Trees for Cities
Expanding urban forestry and green jobs in deprived coastal towns
Lots of coastal towns across the UK suffer not only from high levels of social and economic deprivation, but also environmental impacts such as limited green spaces, poor air quality, high flood risk and low resilience to the effects of climate change.
Trees for Cities’ Forgotten Places programme aimed to address this across seven targeted areas: Bexhill, Brighton, Great Yarmouth, Hull, Portsmouth, Ramsgate and Stockton. The objectives were to increase urban tree canopy cover through large-scale tree planting, engage local communities in nature, and support local employment by creating and retaining green jobs and traineeships.

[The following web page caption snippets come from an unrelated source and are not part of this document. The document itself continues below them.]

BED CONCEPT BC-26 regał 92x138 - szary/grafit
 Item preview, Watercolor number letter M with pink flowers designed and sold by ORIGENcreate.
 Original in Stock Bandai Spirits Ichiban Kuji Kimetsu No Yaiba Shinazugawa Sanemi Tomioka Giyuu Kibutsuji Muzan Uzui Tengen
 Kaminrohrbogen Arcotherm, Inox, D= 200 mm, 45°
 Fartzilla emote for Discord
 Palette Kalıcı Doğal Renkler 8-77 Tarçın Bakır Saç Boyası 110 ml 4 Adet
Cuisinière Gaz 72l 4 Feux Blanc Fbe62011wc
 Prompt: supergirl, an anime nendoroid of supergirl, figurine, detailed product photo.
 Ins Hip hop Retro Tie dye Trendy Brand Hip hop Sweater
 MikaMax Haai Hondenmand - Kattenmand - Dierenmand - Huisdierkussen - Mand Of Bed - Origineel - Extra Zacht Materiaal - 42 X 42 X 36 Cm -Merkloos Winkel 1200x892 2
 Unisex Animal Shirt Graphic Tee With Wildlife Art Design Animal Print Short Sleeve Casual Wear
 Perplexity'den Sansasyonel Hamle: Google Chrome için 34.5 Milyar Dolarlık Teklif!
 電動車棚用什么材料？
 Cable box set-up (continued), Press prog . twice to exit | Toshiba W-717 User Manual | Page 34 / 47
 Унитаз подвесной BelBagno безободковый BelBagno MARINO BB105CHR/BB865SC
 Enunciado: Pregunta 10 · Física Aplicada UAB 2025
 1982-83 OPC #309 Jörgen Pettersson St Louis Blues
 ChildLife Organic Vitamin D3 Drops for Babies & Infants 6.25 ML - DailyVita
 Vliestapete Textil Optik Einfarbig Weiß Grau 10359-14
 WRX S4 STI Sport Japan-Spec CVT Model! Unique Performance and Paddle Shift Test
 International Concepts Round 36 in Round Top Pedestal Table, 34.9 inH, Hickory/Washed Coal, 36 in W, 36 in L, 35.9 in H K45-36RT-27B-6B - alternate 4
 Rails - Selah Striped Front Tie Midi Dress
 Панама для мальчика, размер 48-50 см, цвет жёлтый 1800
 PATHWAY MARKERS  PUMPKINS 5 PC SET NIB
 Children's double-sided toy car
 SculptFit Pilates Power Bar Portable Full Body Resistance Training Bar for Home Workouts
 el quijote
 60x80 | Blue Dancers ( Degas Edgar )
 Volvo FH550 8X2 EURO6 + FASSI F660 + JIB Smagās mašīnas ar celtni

The £1.8m project – funded with £1.2m from Defra and £600,000 raised by Trees for Cities – ran from November 2021 until March 2023. The charity collaborated with other charities, seven local authorities, community groups and contractors to deliver Forgotten Places, and exceeded most of its targets.
Just under 70,000 trees were planted across 79 locations, almost 15,000 more than the target; and more than 20,000 people planted trees, attended events, received training or were given a tree identification guide, against the target of 9,485. Surveys showed that 72% of volunteers intended to continue caring for their urban trees.
The green jobs and skills development strand helped to create 12 new jobs, retained 44, and supported 12 trainees.
The charity also helped to devise a tree-planting strategy for Bexhill and tree-planting guidance for coastal local authorities, both of which can be used as framework documents by other organisations.
Forgotten Places has been showcased by Defra as a case study for its Green Recovery Challenge Fund programme.
Awards judge and transformation consultant Julie Wilson-Dodd praised the partnership working with local authorities and the private and voluntary sectors, as well as the use of urban forestry to drive local economic recovery.
Judge Karin Woodley, chief executive of Cambridge House, commended the charity’s decision to bring the benefits of nature and climate change mitigation to areas facing multiple socioeconomic challenges. “It’s almost unheard of to have large-scale tree planting in these kinds of communities,” she said. “For that reason, it is very significantly not just another tree-planting event.”